From the author of Girls on Fire comes a psychologically riveting novel centered around a woman with no memory, the scientists invested in studying her, and the daughter who longs to understand.

*Finalist for the 2021 Pen/Faulkner Award for Fiction*

Who is Wendy Doe? The woman, found on a Peter Pan Bus to Philadelphia, has no money, no ID, and no memory of who she is, where she was going, or what she might have done. She’s assigned a name and diagnosis by the state: Dissociative fugue, a temporary amnesia that could lift at any moment—or never at all.

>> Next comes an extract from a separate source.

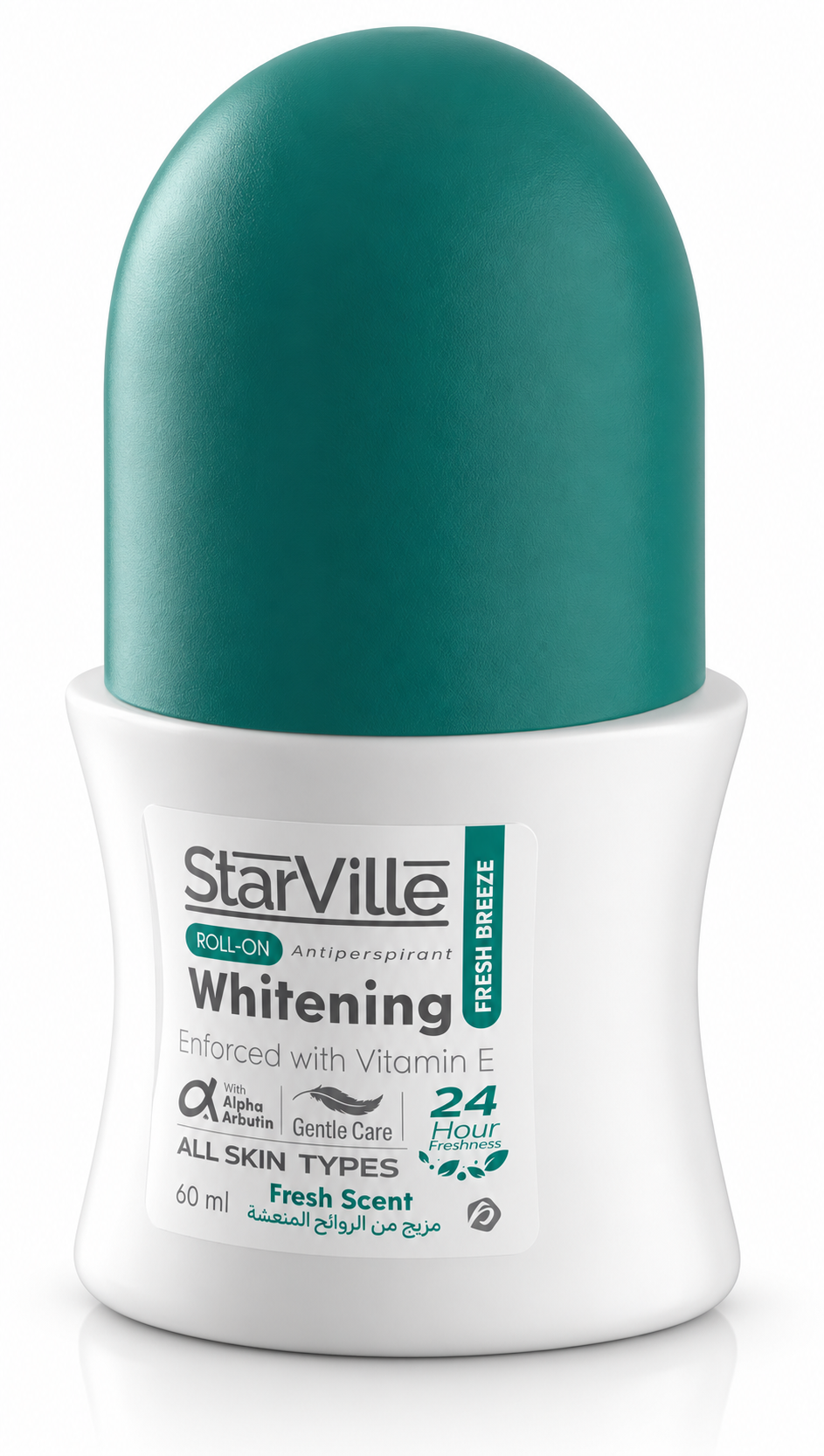 Whitening Antiperspirant Roll-On – Fresh Breeze - 60ml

When Dr. Benjamin Strauss invites her to submit herself for experimental observation at his Meadowlark Institute for Memory Research, she feels like she has no other choice.

To Dr. Strauss, Wendy is a female body, subject to his investigation and control. To Strauss’s ambitious student, Lizzie Epstein, she’s an object of fascination, a mirror of Lizzie’s own desires, and an invitation to wonder: once a woman is untethered from all past and present obligations of womanhood, who is she allowed to become?

To Alice, the daughter she left behind, Wendy Doe is an absence so present it threatens to tear Alice’s world apart. Through their attempts to untangle the mystery of Wendy’s identity—as well as Wendy’s own struggle to construct a new self—Wasserman has crafted a jaw-dropping, multi-voiced journey of discovery, reckoning, and reclamation.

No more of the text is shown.